9:58pm Saturday 5th July 2008

© Press Association 2008

Rich nations must not abandon action to tackle climate change and world poverty in the face of the credit crunch, Gordon Brown has warned fellow G8 leaders.

Amid campaigners' fears next week's summit in Japan could see previous pledges on aid and global warming scaled back, the Prime Minister said they should in fact be accelerated.

"The world is suffering a triple challenge: of higher fuel prices, higher food prices and a credit crunch," he told the Guardian.

"My message to the G8 will be that instead of sidelining climate change and the development agenda, the present economic crisis means that instead of relaxing our efforts we have got to accelerate them.

"This agenda is not just the key to the environment and reducing poverty, but the key to our economic future as well," Brown said as he prepared for his first G8 summit as PM.

Soaring food and oil prices have given this year's gathering of the world's biggest economies an added relevance, amid a growing recognition that the key issues are intimately linked.

But anti-poverty groups fear domestic economic problems could encourage national leaders to concentrate on domestic solutions at the expense of international help.

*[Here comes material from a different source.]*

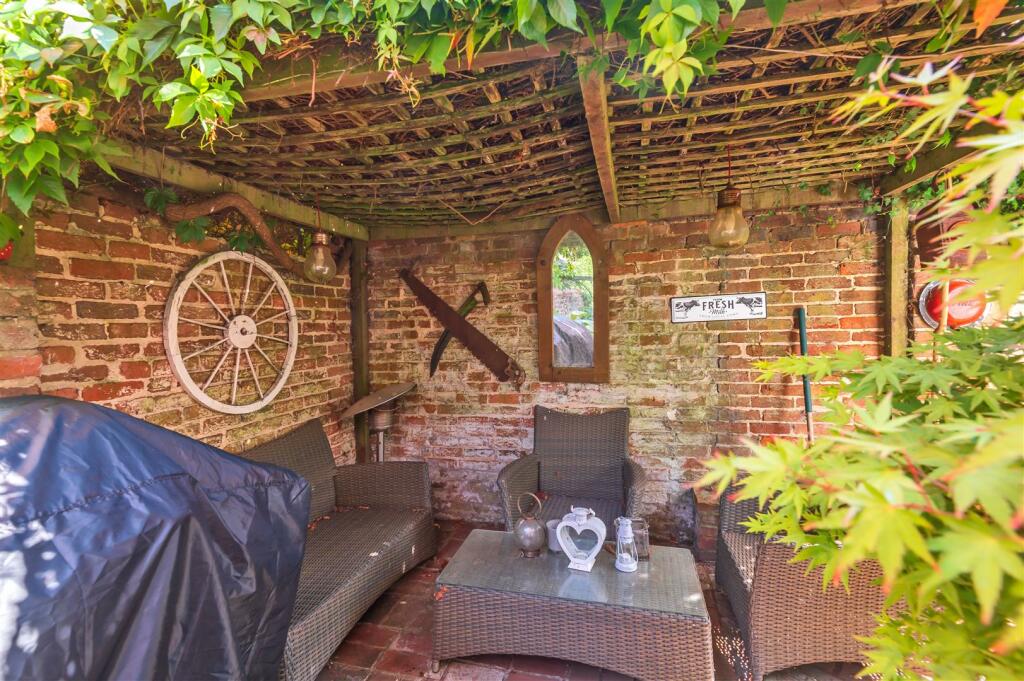 Additional image 11 of Battle Road, Hailsham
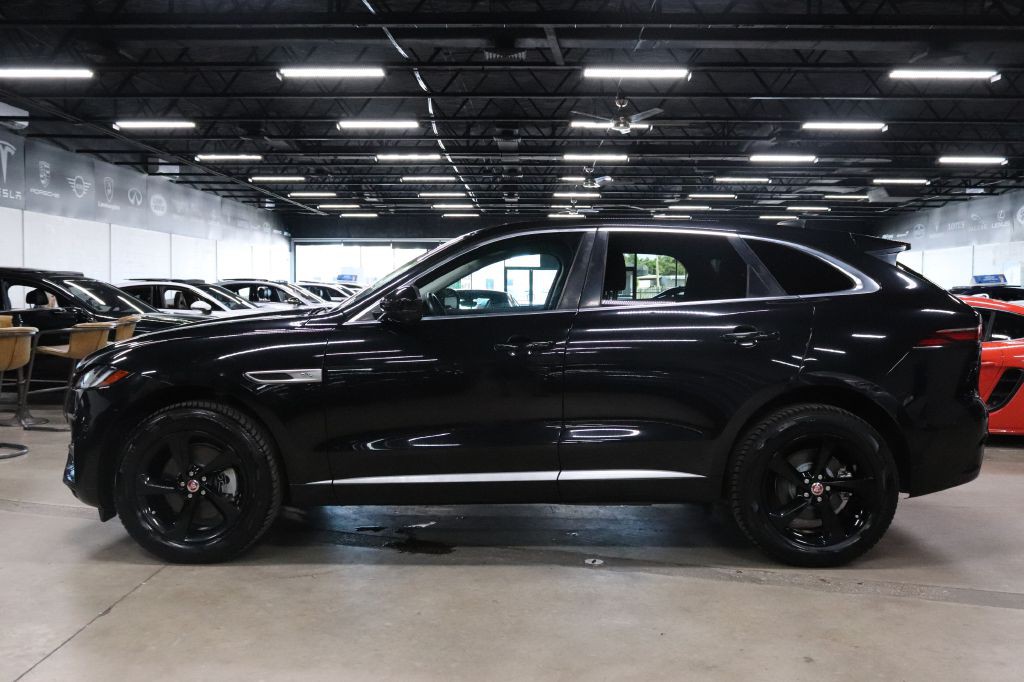 2021 Jaguar F-PACE Image 2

"The problems we have today are global and they require global solutions," Mr Brown said.

"Unless we help poor countries to become more prosperous through education, health and economic development, we will be piling up the problems of global inequality."

"I'll be telling people that the worst possible thing would be to drop the development agenda because it holds the key to the economic challenge. If we don't produce enough agriculture, we are going to have food shortages, and Africa needs help to develop its agriculture. We can't solve the problems of food and fuel shortages unless developing countries are involved."